San Francisco de Macorís atraviesa días marcados por la indignación y la frustración colectiva, tras enfrentar una cadena de apagones prolongados, intermitentes y sin explicaciones claras que afectan a la mayoría de sus 313 barrios.
Los reportes de los comunitarios son alarmantes: interrupciones eléctricas de hasta 12 horas continuas, mientras que otros sectores apenas reciben una o dos horas de suministro diario. Esta situación se da en plena temporada de calor extremo, con la actividad económica local seriamente golpeada, y ha generado desesperación entre familias, comerciantes, empresarios y estudiantes.
Sin luz, sin respuestas
La Empresa Distribuidora de Electricidad del Norte (EDENORTE) no ha ofrecido respuestas concretas. Más allá de explicaciones genéricas sobre “mantenimiento” o “sobrecarga del sistema”, los ciudadanos denuncian un deterioro alarmante del servicio y una sensación generalizada de abandono.

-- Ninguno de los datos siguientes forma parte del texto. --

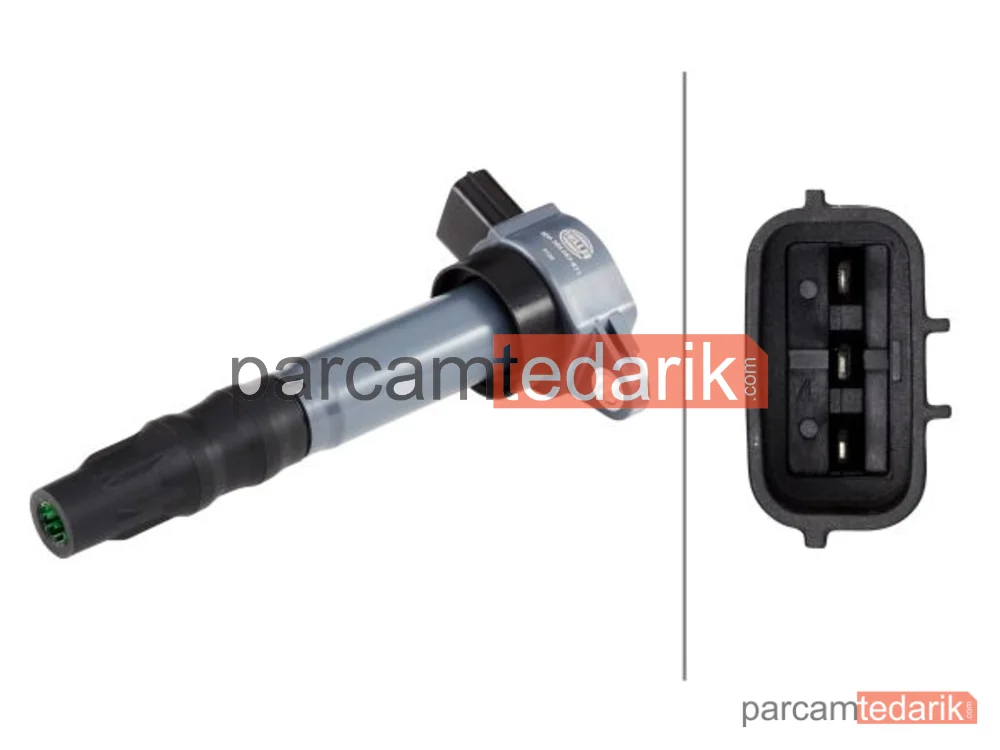 5DA358057671 | Ateşleme Modülü — Mitsubishi Grandis, Mitsubishi Outlander I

San Francisco de Macorís, reconocida como ciudad productiva, comercial y educativa, sufre las consecuencias de esta crisis: negocios paralizados, pérdida de productos perecederos, talleres cerrados, centros educativos suspendidos y clínicas privadas afectadas por la falta de energía, especialmente aquellas que no cuentan con plantas eléctricas.
La crisis golpea más fuerte a los más pobres
Las comunidades más vulnerables son las más afectadas. Familias sin inversores, ancianos con condiciones de salud delicadas, madres solteras que cocinan con estufas eléctricas, y niños que no pueden estudiar de noche enfrentan diariamente las consecuencias más duras.
La crisis energética ha pasado de ser un problema técnico a una herida profunda en la dignidad de la gente.
¿Hasta cuándo?
Aunque los apagones no son nuevos en la historia nacional, lo que vive hoy San Francisco representa un retroceso inaceptable. En un país que ha invertido miles de millones en generación eléctrica y que prometió superar la era de la oscuridad, este panorama resulta inexcusable.
San Francisco de Macorís no pide favores ni privilegios. Exige respeto: que se restablezca el servicio, que se ofrezca una explicación oficial creíble y que se garantice el derecho básico a una energía eléctrica estable, piedra angular del desarrollo humano y económico.